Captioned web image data
##########
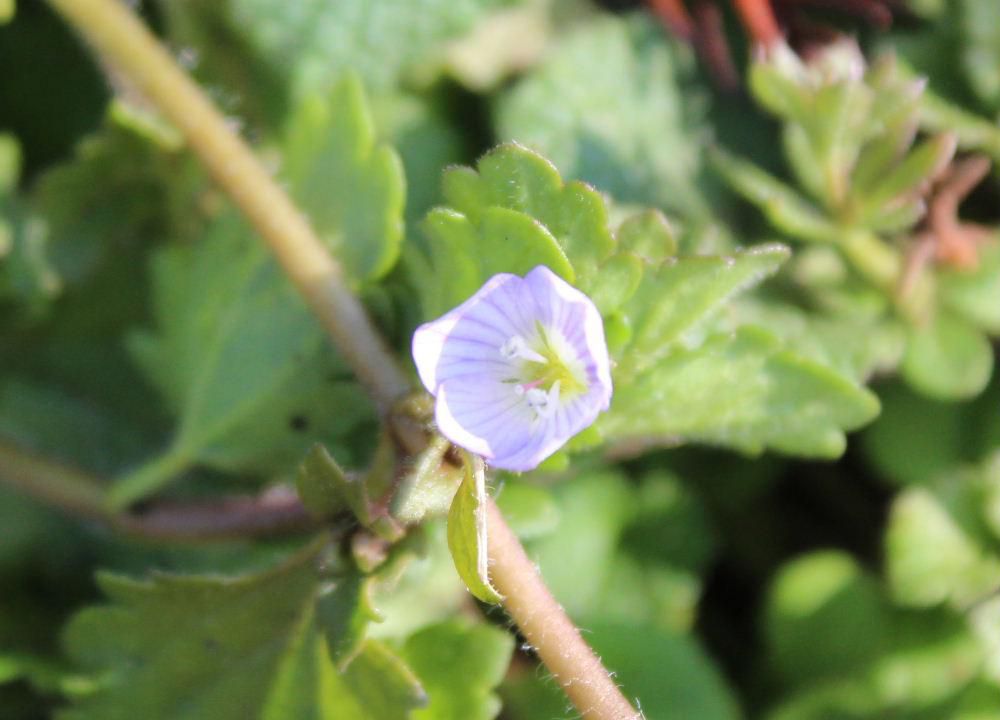 昨日は快晴の良い天気で気温も４，５度あったでしょうか　天候に誘われて野草の花を探しに出かけました　山すその南斜面にどこにでもある「オオイヌノフグリ」というの雑草の花が一輪咲いていて思わず写真を撮りました　小さな紫色の花がびっしりと咲く雑草ですがやっと一輪見つけました　今年初めての雑草の花です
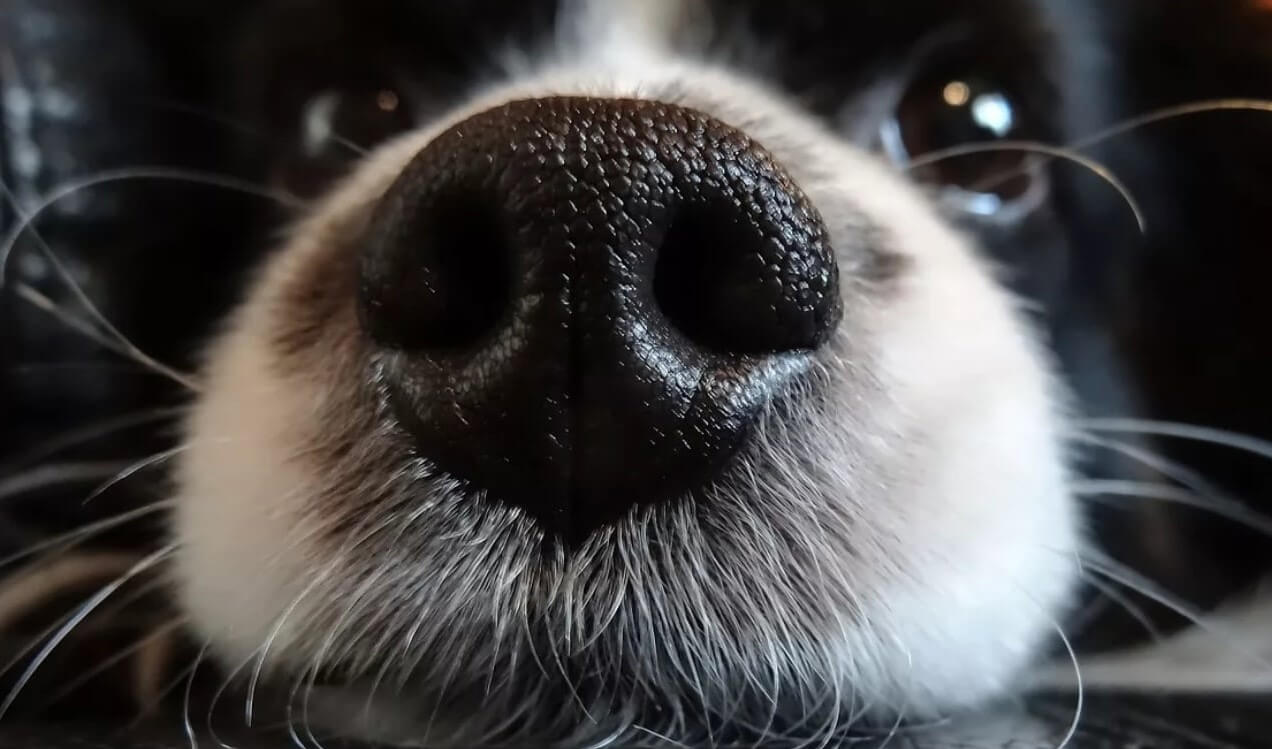 Собачий нюх помогает определить время суток. Собачий нос способен учуять время. Фото.
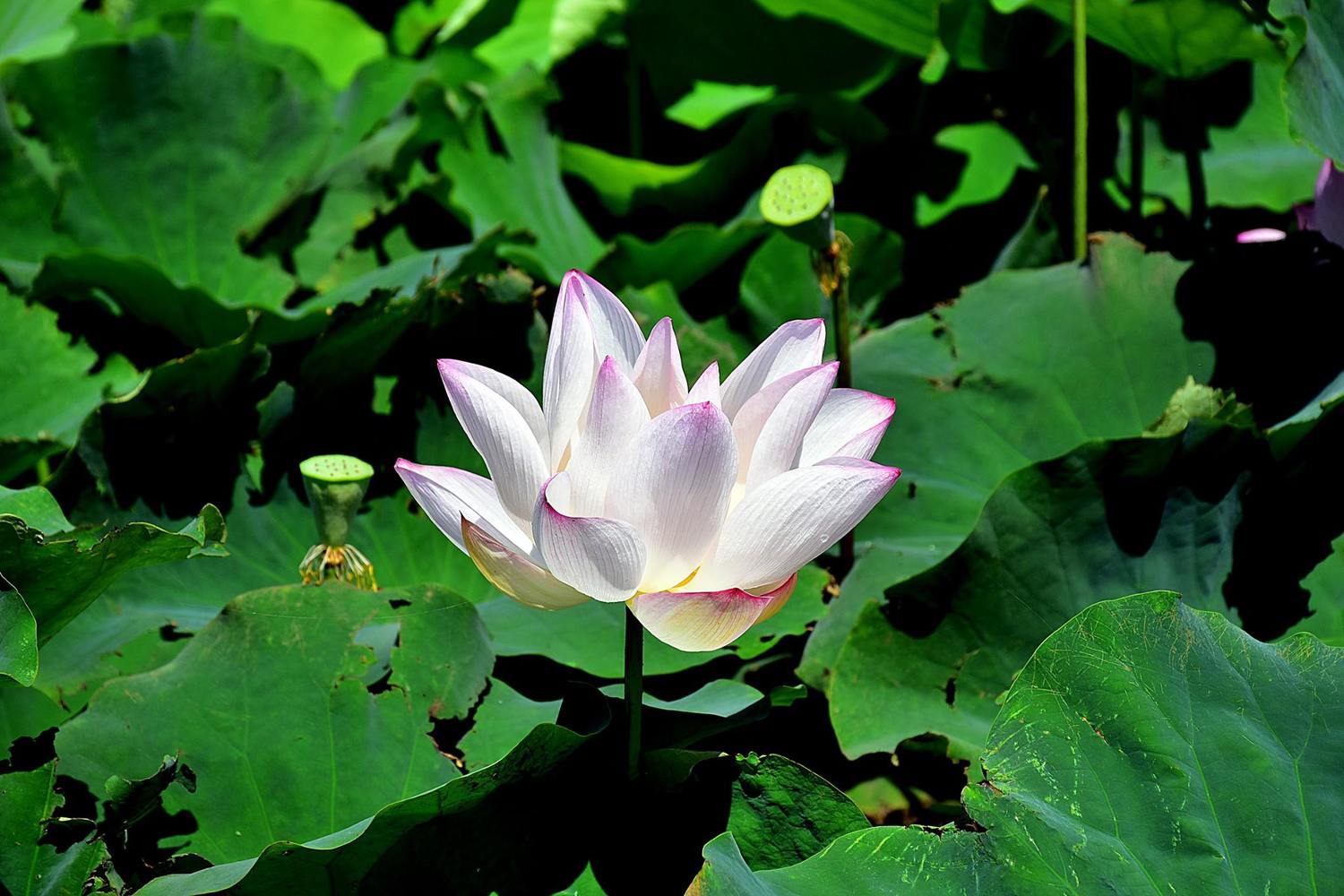 7月觀音蓮花季,加上8月地景藝術節也在觀音。 圖:翻攝自鄭文燦臉書 7月觀音蓮花季,加上8月地景藝術節也在觀音。 圖:翻攝自鄭文燦臉書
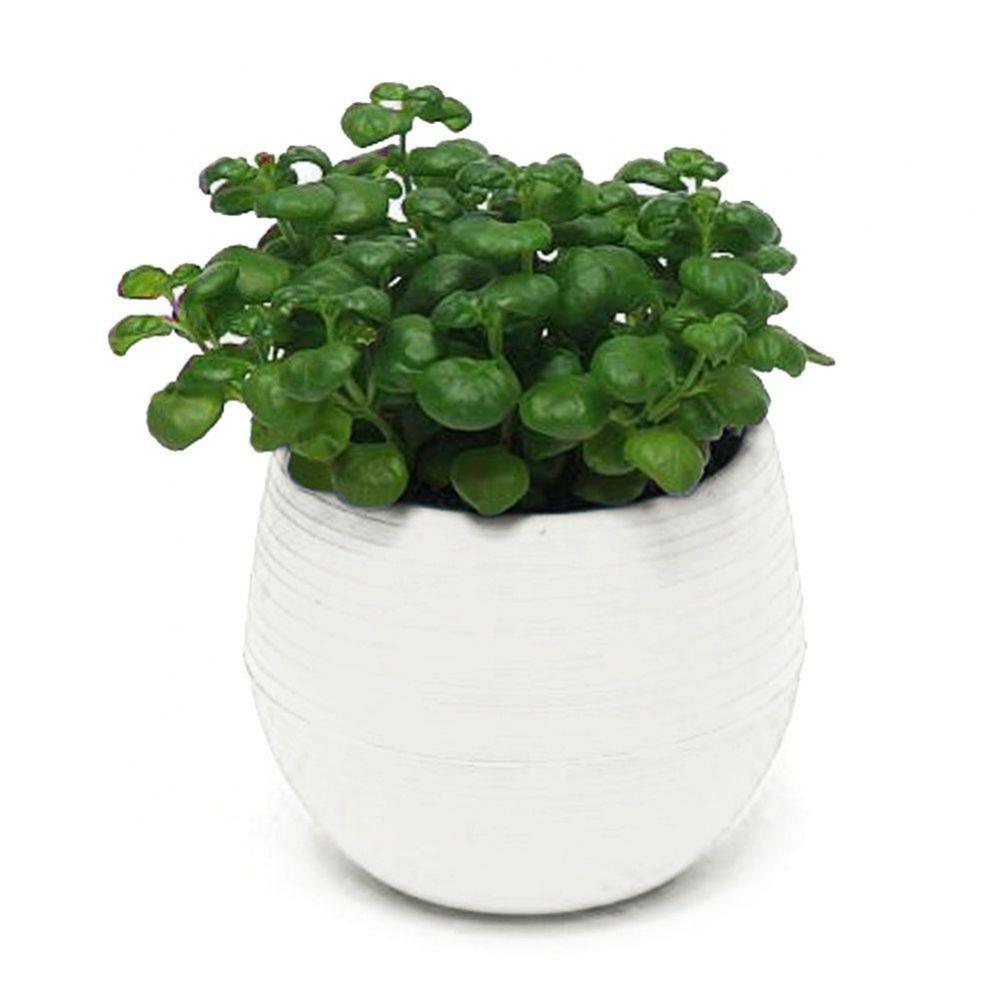 2 Layer Drain Hole Succulent Pot Mini Flower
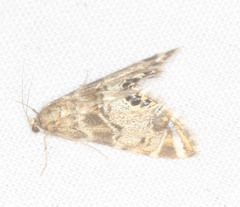 Petrophila confusalis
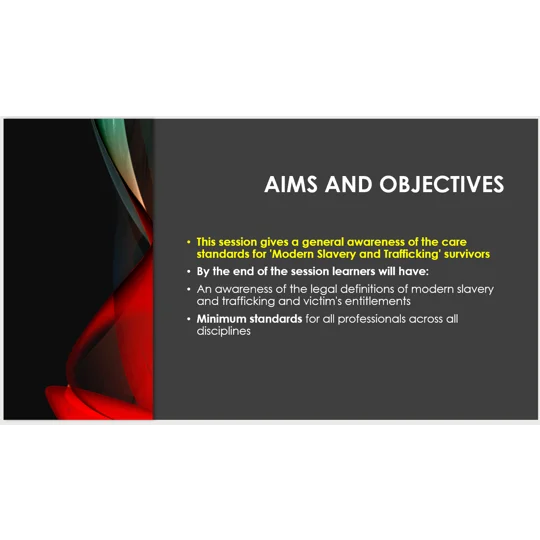 Modern Slavery Trafficking Care Standards Overarching Principles Training Resources
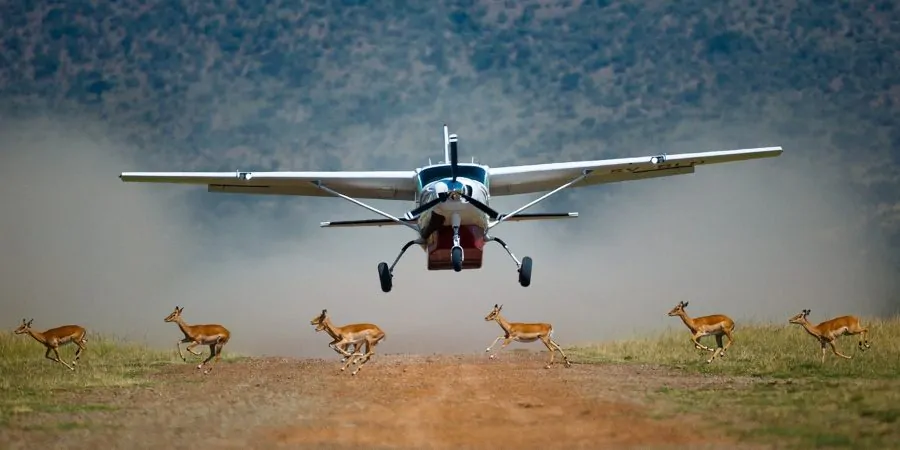 Maasai Mara Flying Packages Gaga Tours Kenya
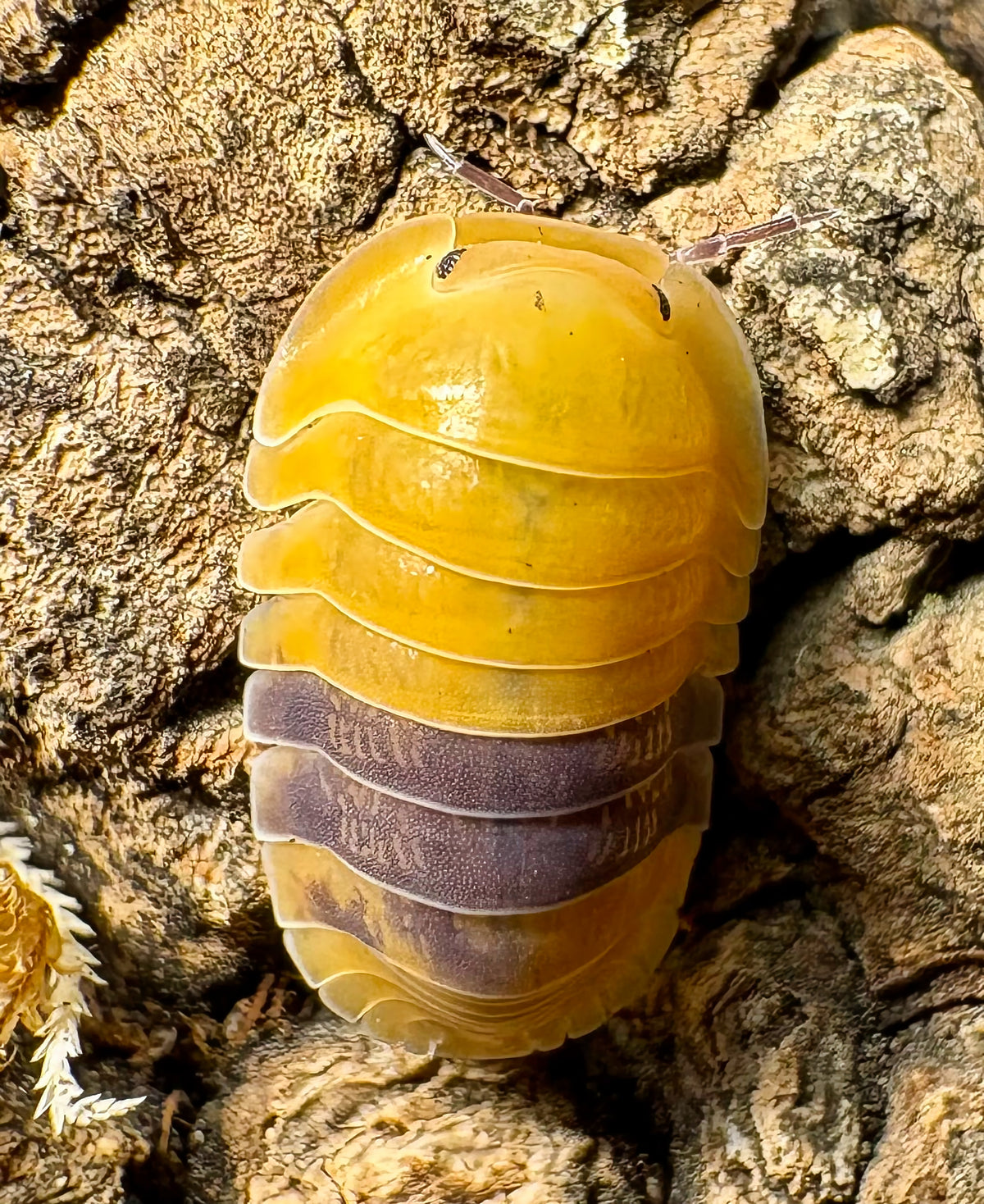 Cubaris sp "Amber Ducky"
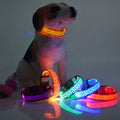 Collar LED Luminoso para Perros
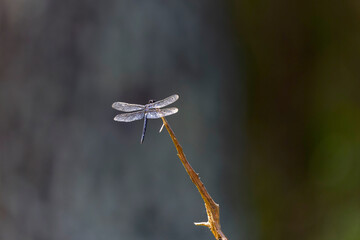 Serial. Slaty Skimmer (Libellula incesta), a common species of dragonfly, particularly the mature male, identifiable by its greyish-blue body and dark eyes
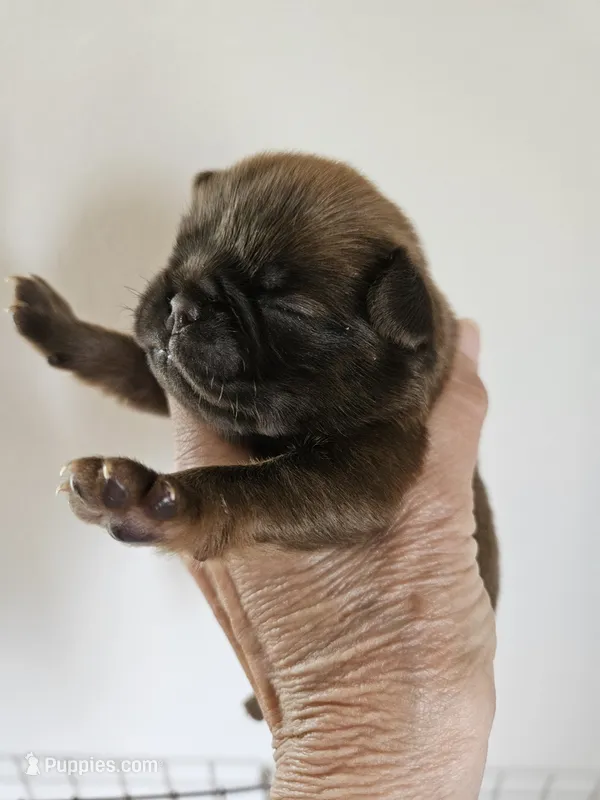 Dinkin chocolate and tan  – Brussels Griffon puppy for sale in Lewiston, ID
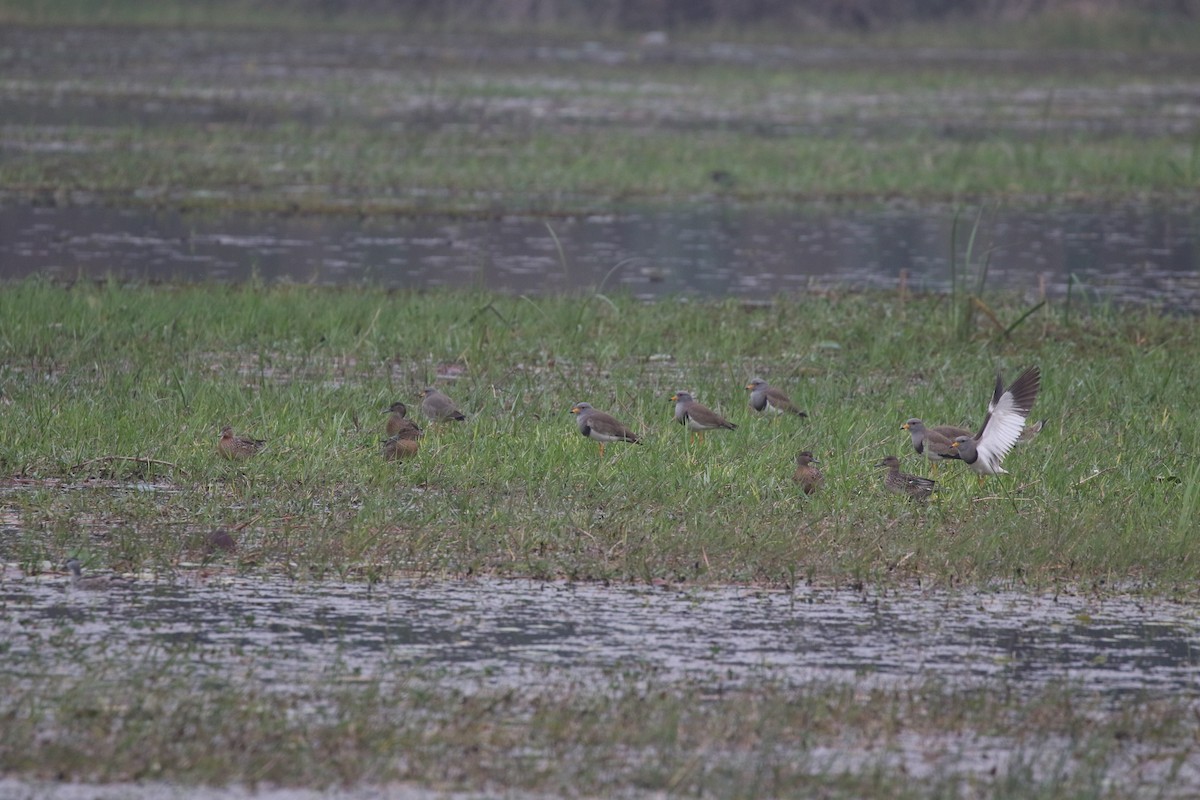 Gray-headed Lapwing - ML615610382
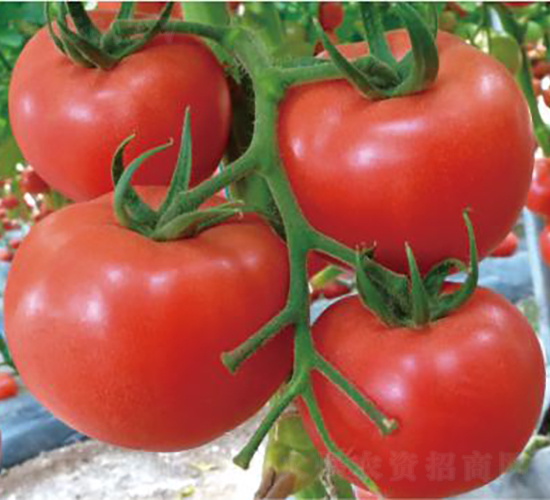 �hķһ̖-���ѷN��-�͝��r(n��ng)�I(y��)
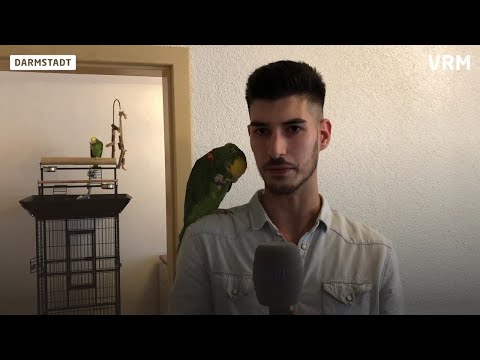 Chopper, Luci und die Polizei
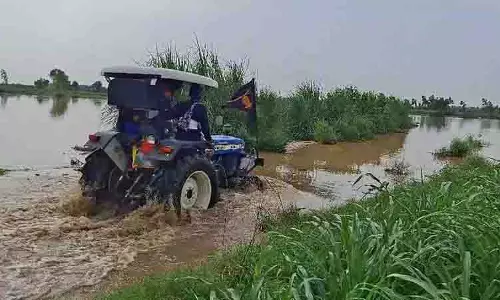 ब्यास नदी में उफान से Kapurthala की कृषि भूमि जलमग्न, धान उत्पादक नुकसान की आशंका में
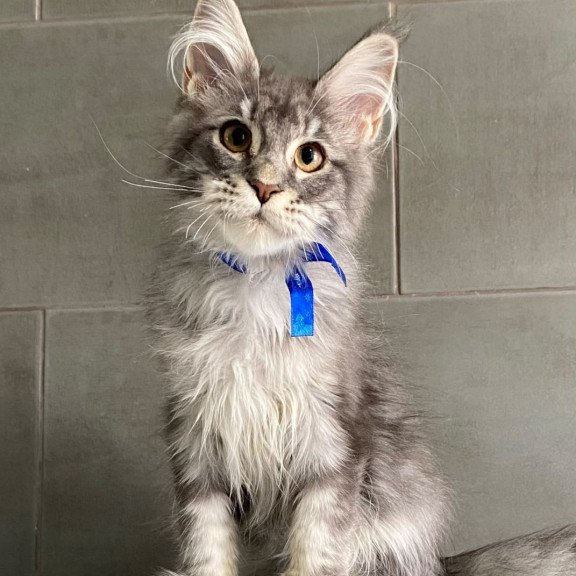 Maine Coon EZ Ussuriysk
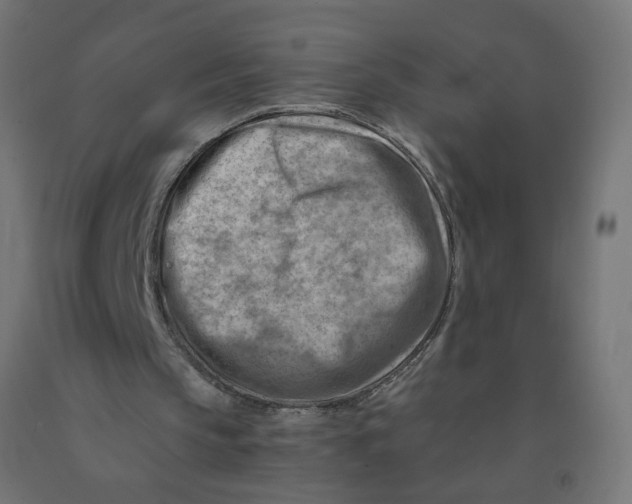 X0000090880145200708241947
##########
**Activity**: Exactly as they appear above, print all the lines, but not the pictures.

**Task answer**:
 昨日は快晴の良い天気で気温も４，５度あったでしょうか　天候に誘われて野草の花を探しに出かけました　山すその南斜面にどこにでもある「オオイヌノフグリ」というの雑草の花が一輪咲いていて思わず写真を撮りました　小さな紫色の花がびっしりと咲く雑草ですがやっと一輪見つけました　今年初めての雑草の花です
 Собачий нюх помогает определить время суток. Собачий нос способен учуять время. Фото.
 7月觀音蓮花季,加上8月地景藝術節也在觀音。 圖:翻攝自鄭文燦臉書 7月觀音蓮花季,加上8月地景藝術節也在觀音。 圖:翻攝自鄭文燦臉書
 2 Layer Drain Hole Succulent Pot Mini Flower
 Petrophila confusalis
 Modern Slavery Trafficking Care Standards Overarching Principles Training Resources
 Maasai Mara Flying Packages Gaga Tours Kenya
 Cubaris sp "Amber Ducky"
 Collar LED Luminoso para Perros
 Serial. Slaty Skimmer (Libellula incesta), a common species of dragonfly, particularly the mature male, identifiable by its greyish-blue body and dark eyes
 Dinkin chocolate and tan  – Brussels Griffon puppy for sale in Lewiston, ID
 Gray-headed Lapwing - ML615610382
 �hķһ̖-���ѷN��-�͝��r(n��ng)�I(y��)
 Chopper, Luci und die Polizei
 ब्यास नदी में उफान से Kapurthala की कृषि भूमि जलमग्न, धान उत्पादक नुकसान की आशंका में
 Maine Coon EZ Ussuriysk
 X0000090880145200708241947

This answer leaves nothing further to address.